Had friends round for dinner tonight - great food; drink; and wide-ranging, life-affirming conversation.
As the time came to kick them out, I commented that this year the build-up to Christmas seemed more under-stated than I could remember in the past (though I admitted that my memory was probably selective). But the consensus was that this was, indeed, true - and a theory offered: the material build-up to Christmas has declined as the material build-up to Halloween has exploded. Time was when you'd be struggling to navigate your shopping trolley past the cage of Christmas merchandise in the centre of the supermarket aisle from September onwards (admittedly, too extreme); now, you're hard-pushed to find any Christmas trappings until well into November, after the post-Halloween stock has been sold off cheap...
Why the fascination with death and evil and the dark - with friends, we took our kids to the national tram museum at Crich this autumn, and Susannah was terrified by the ghosts and skulls hanging in the trees, and a young girl wearing a hideous witch's mask over her head - rather than with life and goodness and light?
There is a resurgent interest in spiritual things - witness two recently-opened magic shops in Hillsborough - but quite aggressively anti-Christian. (This coupled with the politically-correct "we can't publically endorse Christmas; it might offend people of other faiths" line The Sun has campaigned against this year.

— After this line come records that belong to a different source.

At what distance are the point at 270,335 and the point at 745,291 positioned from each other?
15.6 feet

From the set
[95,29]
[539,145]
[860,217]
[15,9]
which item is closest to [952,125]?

In fact, in a liberal and multi-faith society, each religion's festivals should be marked; it is the attempt to replace them with a lowest-common-denominator recognition of faith that is offensive to people of all faiths.)
Apart from any other factors at play, those of us who would choose to identify ourselves as Christians have failed to hold out the hope we have in a way that engages those around us; that speaks to whatever they are seeking to address elsewhere. And that should be cause for us to stop and reflect once more on what this season is really about - that God breaks in to our day-to-day experience, and lives it with us in undeniably empowering and transforming ways.